There are a few other directories other than the top level for third-party code. Let's now go into them alphabetically:
-
base/third_party/dmg_fp
: As far as I can tell every project that has ever used this has forked it. -
base/third_party/icu
: Some basic UTF handling functions pulled from ICU (used for bits of code that don't want to depend on all of ICU). -
base/third_party/nspr
: This is just a couple of files, not all of nspr. The README is unclear. Filed bug 29764. -
base/third_party/purify
: The Windows equivalent of Valgrind. But there is no README. Looks like headers. Filed bug 29765. -
base/third_party/valgrind
: Header for working with Valgrind. It seems a little excessive to depend on a 24mb Valgrind package to build with this one file. -
base/third_party/xdg_mime
: Claims it contains one minor compilation fix, looks like working around a warning. -
base/third_party/xdg_user_dirs
: Build changes.
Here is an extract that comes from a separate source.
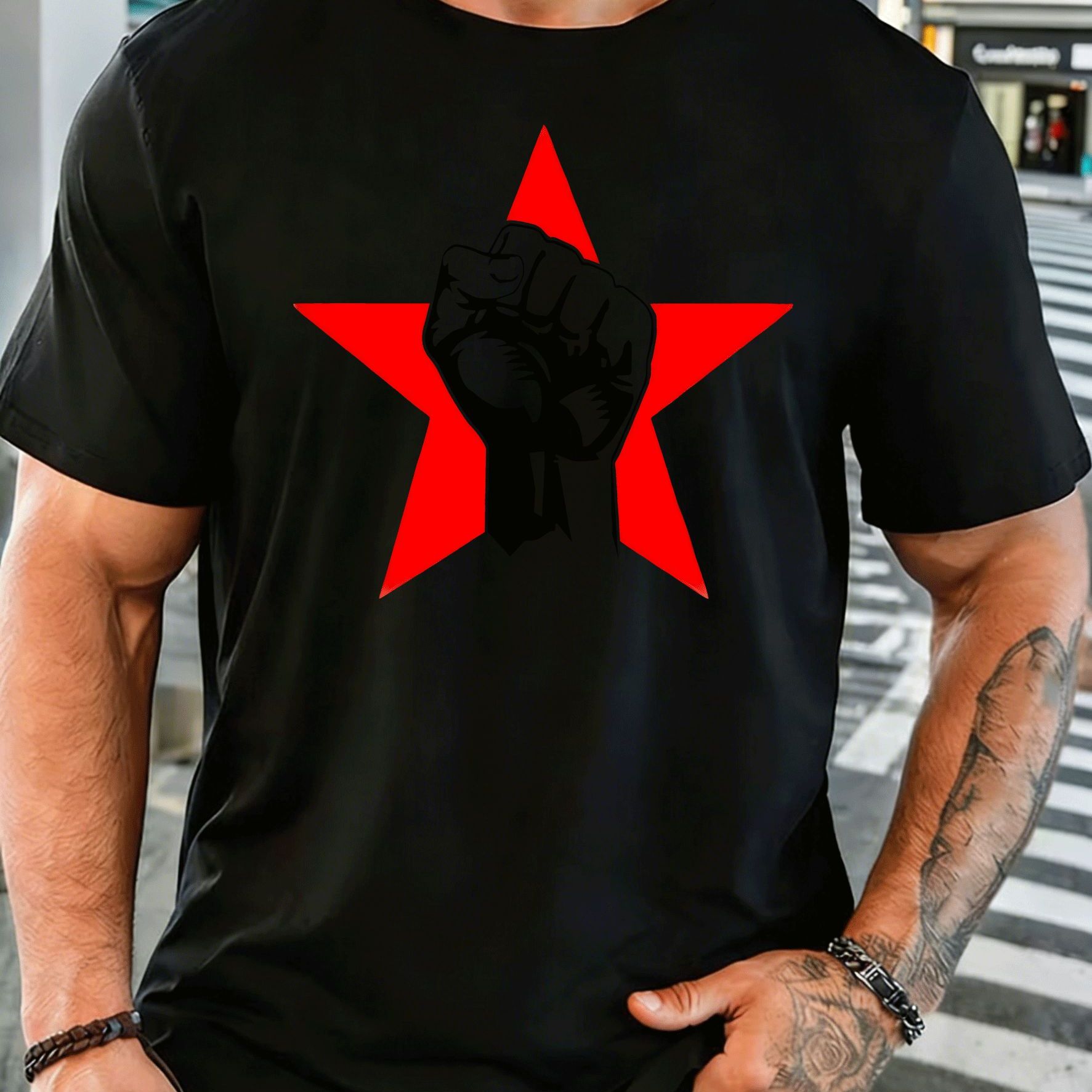 TEMU Men's Style Trendy Graphic Short Sleeve Tee With Black Print Adult Men Casual Outfit Holiday Gift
Upstream designed this with the intent it is always copied into other projects, never built as a separate library. -
chrome/third_party/jstemplate
: Minor changes. There's not really a good build/packaging infrastructure for JavaScript libraries anyway, so this is hand-"optimized" (removed dead code, run through the Closure compiler). -
chrome/third_party/wtl
: Windows code. "These headers are almost the equivalent of WTL 8.0 fromhttp://sourceforge.net/projects/wtl/
with patch #1871358 applied." -
net/third_party/nss
: libssl from upstream. Used for staging various SSL changes for e.g. SPDY experiments; those changes eventually show up upstream. The NSS maintainer works on the Chrome team, and he ok'd this. -
net/third_party/parseftp
: Copied from Mozilla. Just build changes (remove NSPR, add namespace). I believe Pawel is working on this with Mozilla, but I don't follow this stuff closely.
...*whew*, that was exhausting! And I am actually rather surprised — I expected to find more projects hacked up like sqlite, when in fact that's one of the few projects we've actually forked in a meaningful way.